[WHAT YOU SHOULD DO]
Within the data below, find the string "resources" and return each line where it occurs.

[Short web captions]
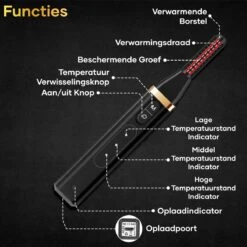 MoreWomen® Elektrische Wimperkruller - Wimperkruller - Verwarmd - Wimper Lift - Incl. Wimperborstel 21 MoreWomen® Elektrische Wimperkruller - Wimperkruller - Verwarmd - Wimper Lift - Incl. Wimperborstel -Maybelline Winkel 1200x1200 658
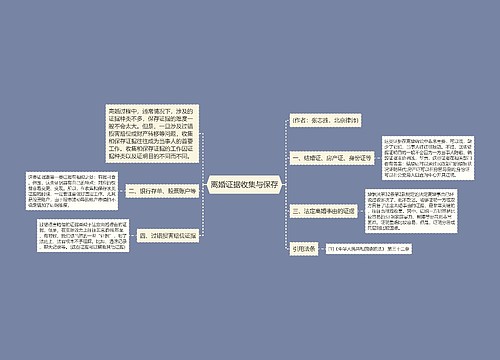 离婚证据收集与保存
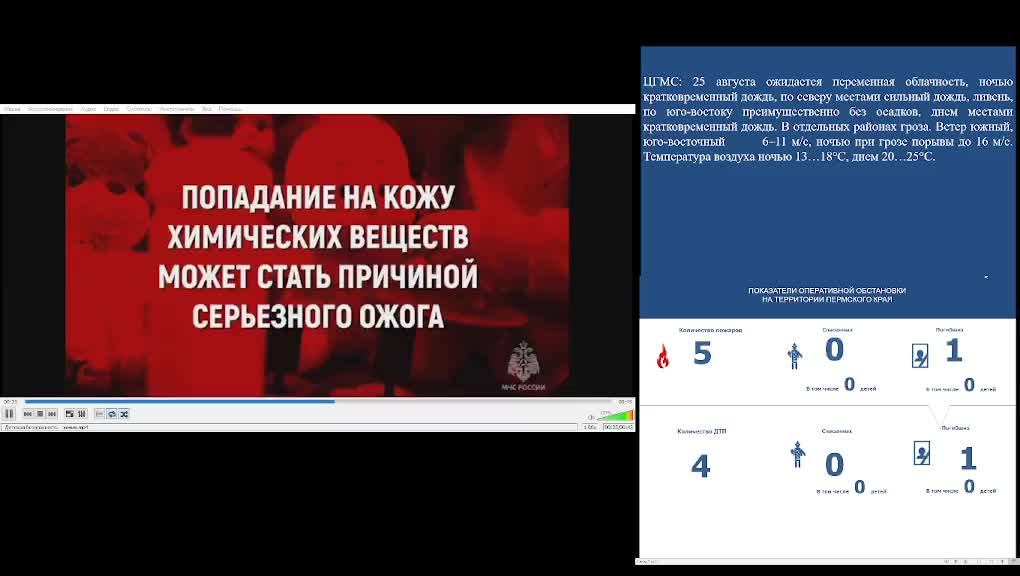 КСИОН Пермский край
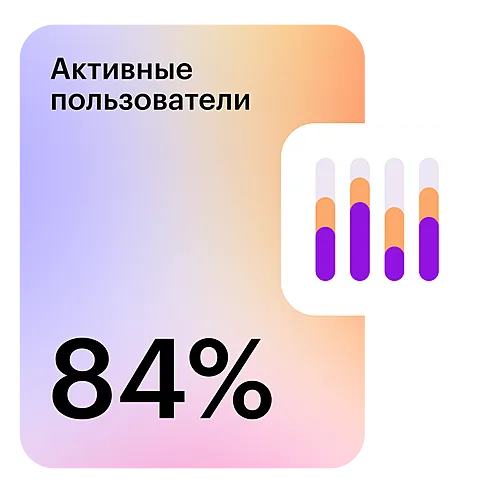 Профессия Data Analyst (Топ-20) (Skillbox.ru)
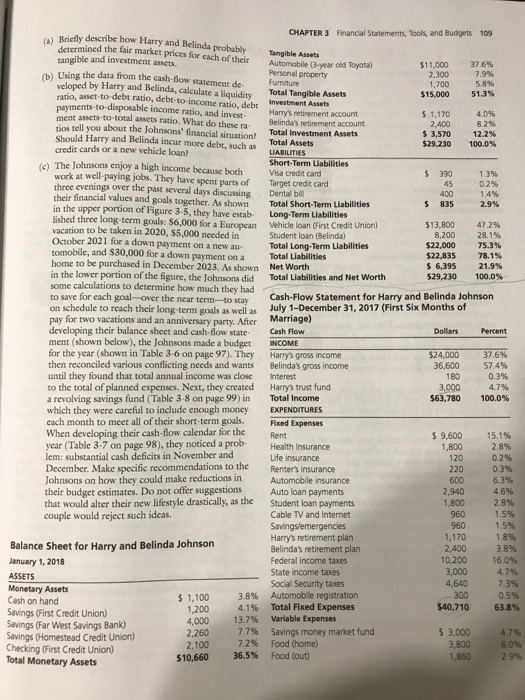 Johnson in Case-1 calculate the following ratios and briefly comment on the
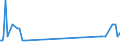 CN 29251920 /Exports /Unit = Quantities in tons /Partner: Slovakia /Reporter: Eur27_2020 /29251920:3,3',4,4',5,5',6,6'-octabromo-n,n'-ethylenediphthalimide; N,n'-ethylenebis(4,5-dibromohexahydro-3,6-methanophthalimide)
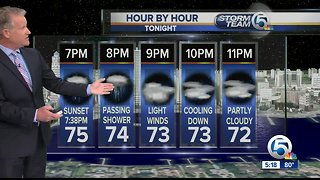 Monday night forecast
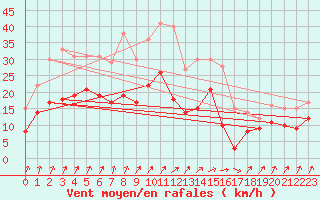 Courbe de la force du vent pour Weingarten, Kr. Rave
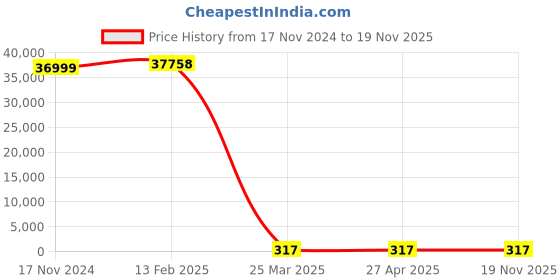 industrybuying.com Usha Martin FMC Wire Rope Length - 50 Metre (Dia - 25 mm, Size - 6x19 mm) usha martin Price History Graph from 17 Nov 2024 to 19 Nov 2025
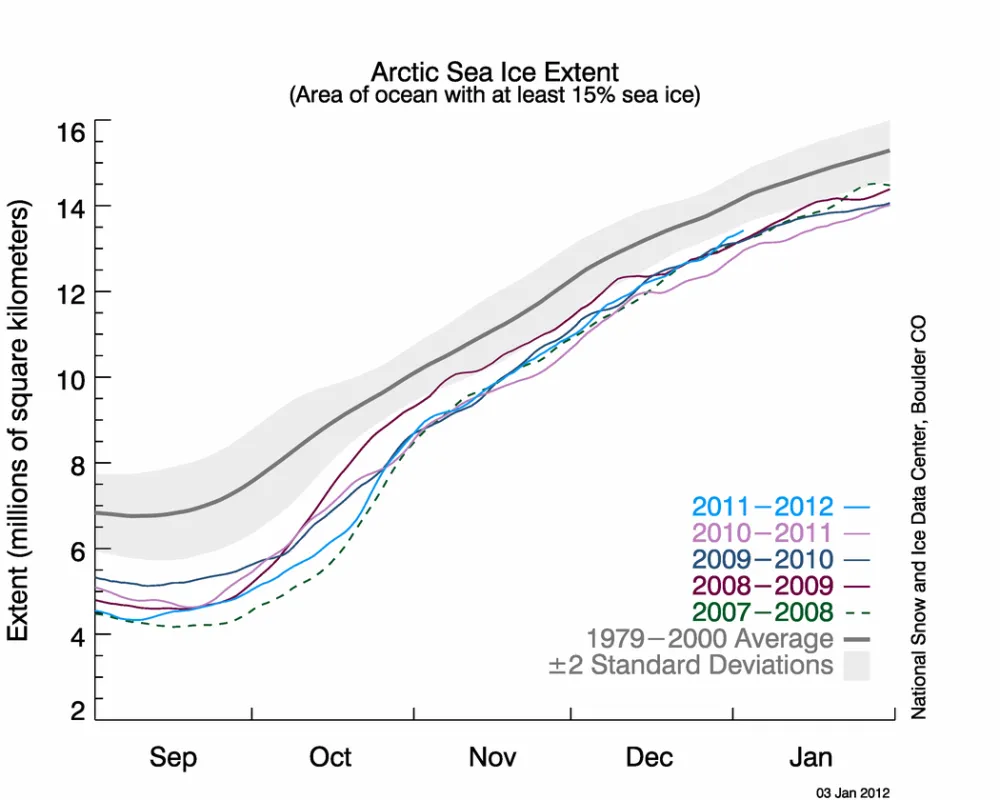 The graph above shows daily Arctic sea ice extent as of January 3, 2012, along with the ice extents for the previous four years. 2011 is shown in light blue, 2010 is in pink, 2009 in dark blue, 2008 is in purple, and 2007, the year with the record low minimum, is dashed green.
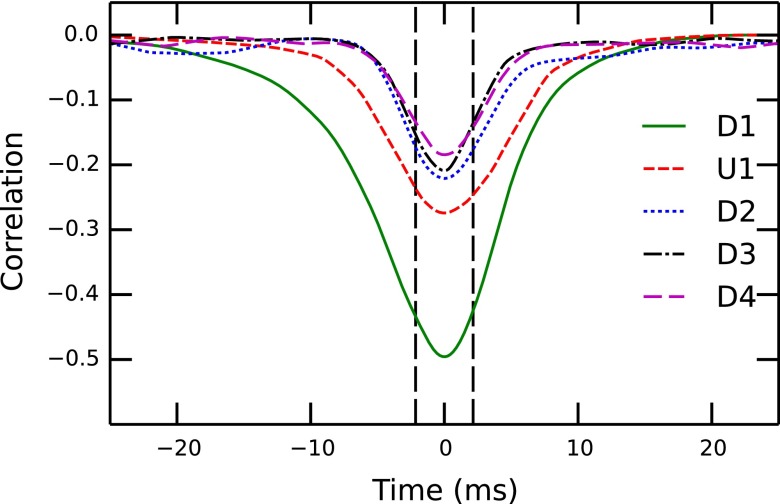 FIG. 7.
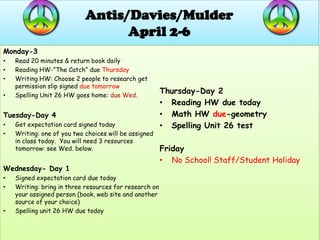 Antis/Davies/Mulder
                                  April 2-6
Monday-3
•   Read 20 minutes & return book daily
•   Reading HW-”The Catch” due Thursday
•   Writing HW: Choose 2 people to research get
    permission slip signed due tomorrow
•   Spelling Unit 26 HW goes home: due Wed.
                                                        Thursday-Day 2
                                                        • Reading HW due today
Tuesday-Day 4                                           • Math HW due-geometry
•   Get expectation card signed today                   • Spelling Unit 26 test
•   Writing: one of you two choices will be assigned
    in class today. You will need 3 resources
    tomorrow: see Wed. below.                           Friday
                                                        • No School! Staff/Student Holiday
Wednesday- Day 1
•   Signed expectation card due today
•   Writing: bring in three resources for research on
    your assigned person (book, web site and another
    source of your choice)
•   Spelling unit 26 HW due today
 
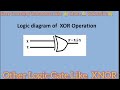 Class 133 ll XNOR Gates ll Others Gates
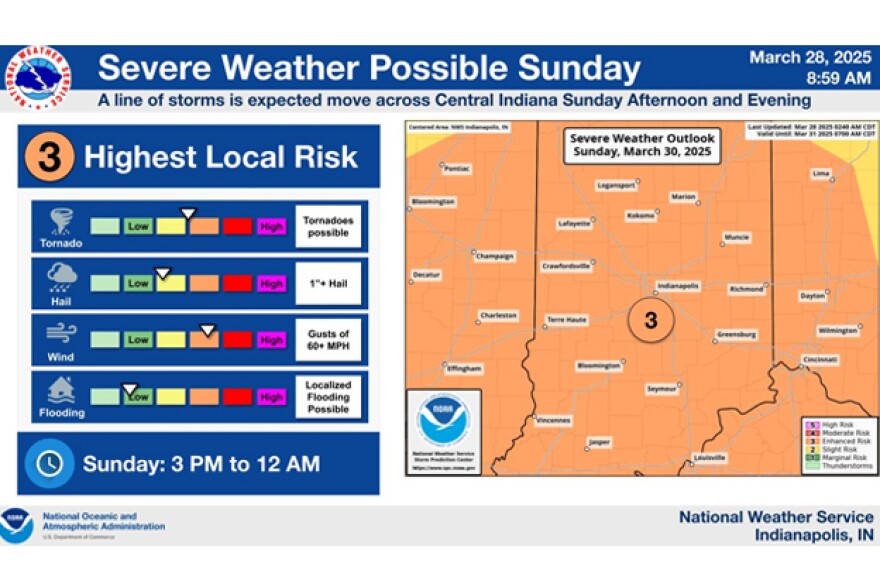 Strong winds aloft ahead of a cold front on Sunday is expected to produce Thunderstorms on Sunday.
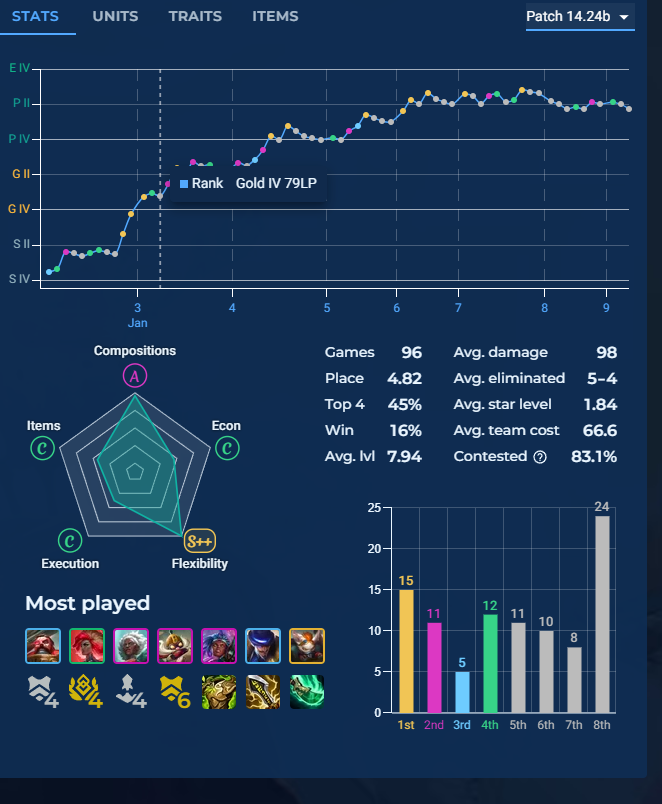 AkiroHz's tweet photo. last patch when i started vs this patch https://t.co/rGIQUwa8Bh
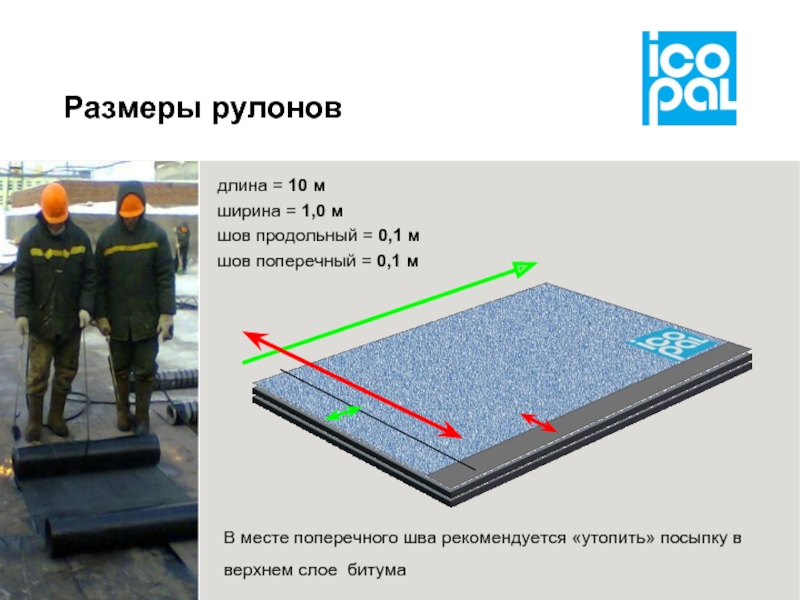 Толщина рулона. ВИЛЛАФЛЕКС Н ТПП Икопал. Толщина 2 слоев рулонной гидроизоляции Икопал. ВИЛЛАЭЛАСТ Н ООО Икопал. Икопал н толщина.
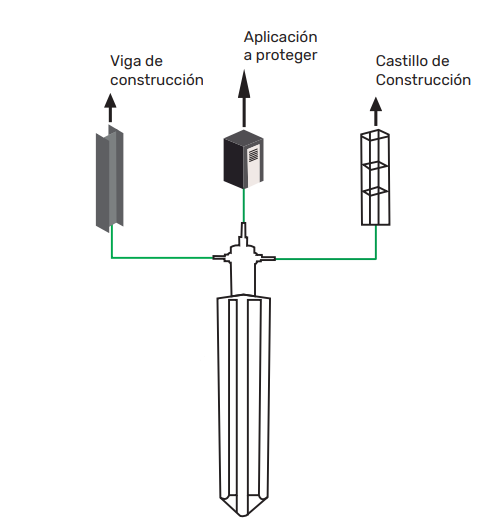 Kit Tierra Física Profesional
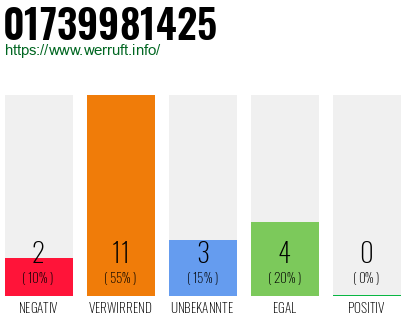 Rufnummer 01739981425 Telefonnummer 01739981425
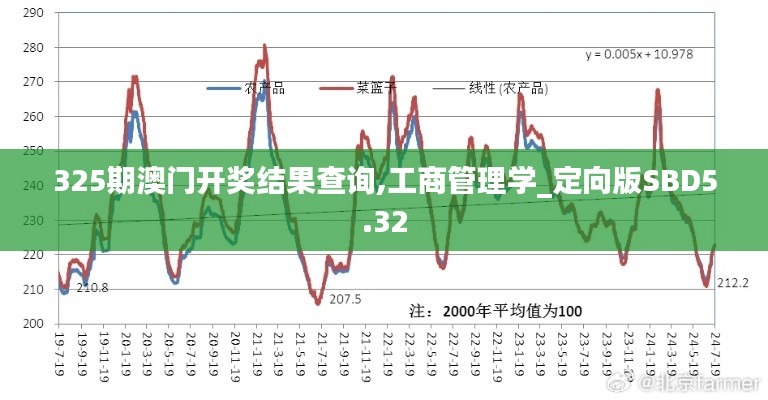 325期澳门开奖结果查询,工商管理学_定向版SBD5.32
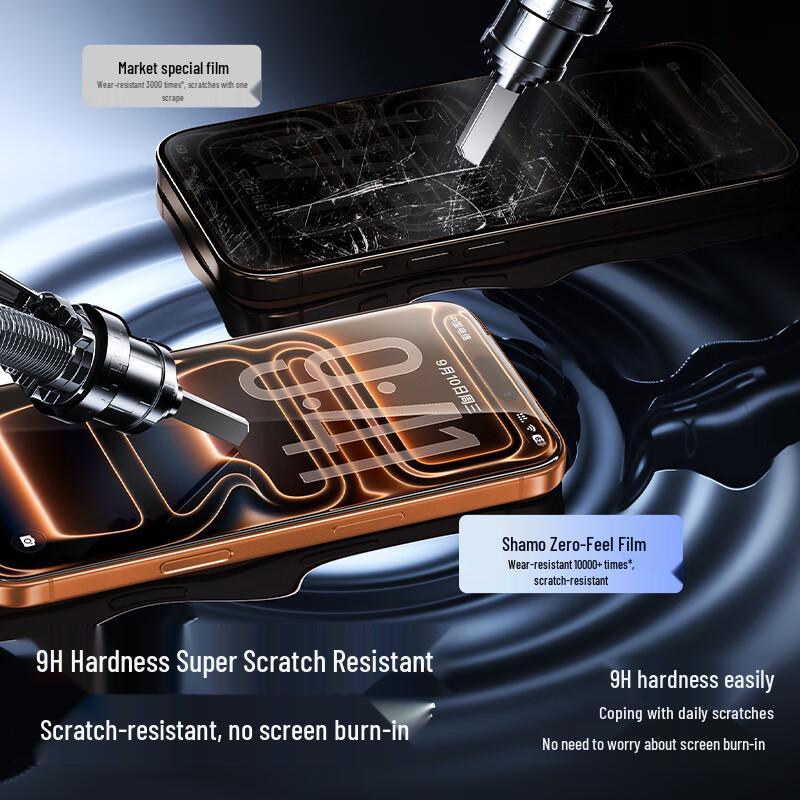 Shanhmo 360° Privacy Screen Protector for Apple iPhone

[RESULT OF THIS EXERCISE]
    in class today. You will need 3 resources
•   Writing: bring in three resources for research on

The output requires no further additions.